Update overview-quantization-transformers.md (#1481)

younesbelkada · web-flow · commit b7944db40500 · 2023-09-12T16:44:59.000+02:00
diff --git a/overview-quantization-transformers.md b/overview-quantization-transformers.md
@@ -32,7 +32,7 @@ Note also that the details shared below are only valid for `PyTorch` models, thi
 ## Table of contents
 
 - [Resources](#resources)
-- [Comparing bitsandbyes and auto-gptq](#Comparing-bitsandbyes-and-auto-gptq)
+- [Comparing bitsandbytes and auto-gptq](#Comparing-bitsandbytes-and-auto-gptq)
 - [Diving into speed benchmarks](#Diving-into-speed-benchmarks)

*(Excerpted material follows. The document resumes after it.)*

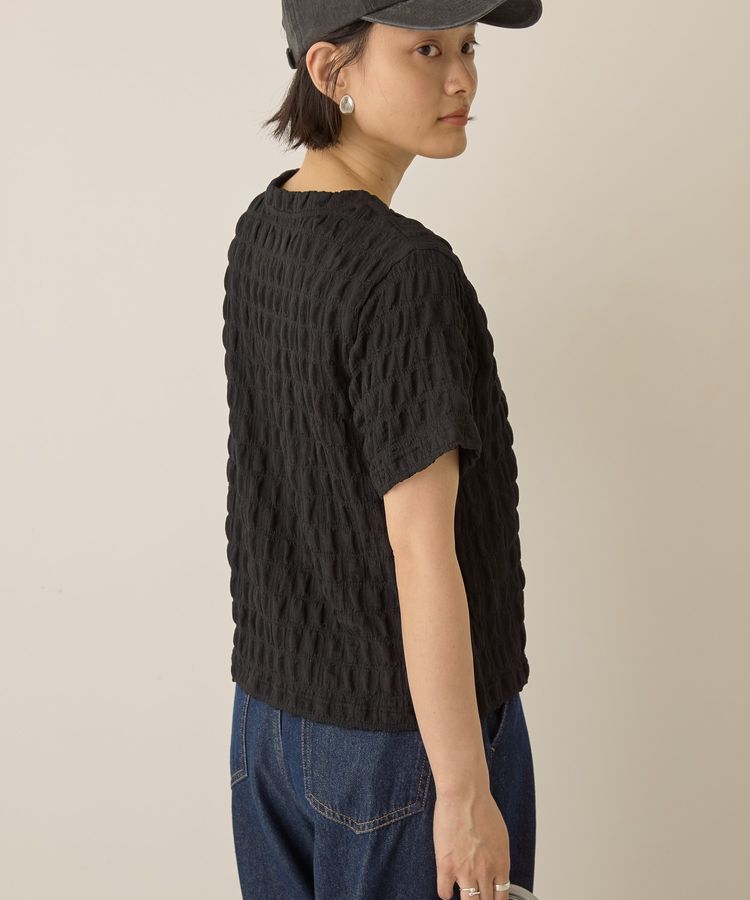 AMERICAN HOLIC「ポコポコ半袖プルオーバー」|Tシャツ・カットソー|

 - [Conclusion and final words](#conclusion-and-final-words)
 - [Acknowledgements](#acknowledgements)
@@ -47,7 +47,7 @@ Note also that the details shared below are only valid for `PyTorch` models, thi
 - [Merve's blogpost on quantization](https://huggingface.co/blog/merve/quantization) - This blogpost provides a gentle introduction to quantization and the quantization methods supported natively in transformers. 
 
 
-## Comparing bitsandbyes and auto-gptq
+## Comparing bitsandbytes and auto-gptq
 In this section, we will go over the pros and cons of bitsandbytes and gptq quantization. Note that these are based on the feedback from the community and they can evolve over time as some of these features are in the roadmap of the respective libraries.
 
 ### What are the benefits of bitsandbytes?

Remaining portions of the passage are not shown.